Plusieurs pays d’Asie centrale, d’Afrique et du Moyen-Orient ont déjà exprimé leur intérêt pour des systèmes complets « Made in Türkiye », comprenant avion + moteur + armement. Une première dans l’histoire du pays. Le moteur devient ainsi un levier géopolitique à part entière, synonyme d’indépendance et de prestige technologique.
Le défi de la certification internationale
Pour s’imposer mondialement, il ne suffit pas d’avoir de bons moteurs : il faut qu’ils soient reconnus. TEI s’attelle donc à obtenir des certifications européennes (EASA) et américaines (FAA), notamment pour ses moteurs civils comme le TS1400. Ce processus, souvent long et bureaucratique, est désormais anticipé dès les phases de conception.

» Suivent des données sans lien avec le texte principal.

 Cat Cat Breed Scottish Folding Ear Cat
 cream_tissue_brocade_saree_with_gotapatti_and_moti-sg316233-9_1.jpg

En parallèle, la Türkiye développe ses propres standards, via son agence nationale d’aviation, ce qui permet d’accélérer les déploiements militaires tout en respectant des critères de fiabilité. Le but est double : se libérer des dépendances réglementaires et, à terme, devenir une référence régionale de la certification aéronautique.
Une décennie décisive – Ce que 2025 annonce pour 2035
Si 2015-2025 fut une décennie de construction, 2025-2035 sera celle de la consolidation. TEI prévoit déjà une nouvelle génération de moteurs à haut rendement, adaptés aux avions furtifs, aux UCAVs de grande autonomie, et aux avions civils régionaux. Le développement de moteurs « green-compatible » est également lancé, intégrant des biocarburants et des systèmes hybrides.
Le rêve n’est plus seulement national. Il est mondial. En une décennie, la Türkiye est passée du statut de client dépendant à celui de développeur indépendant. Dans la propulsion aéronautique, elle ne rattrape plus le peloton : elle prend désormais les devants.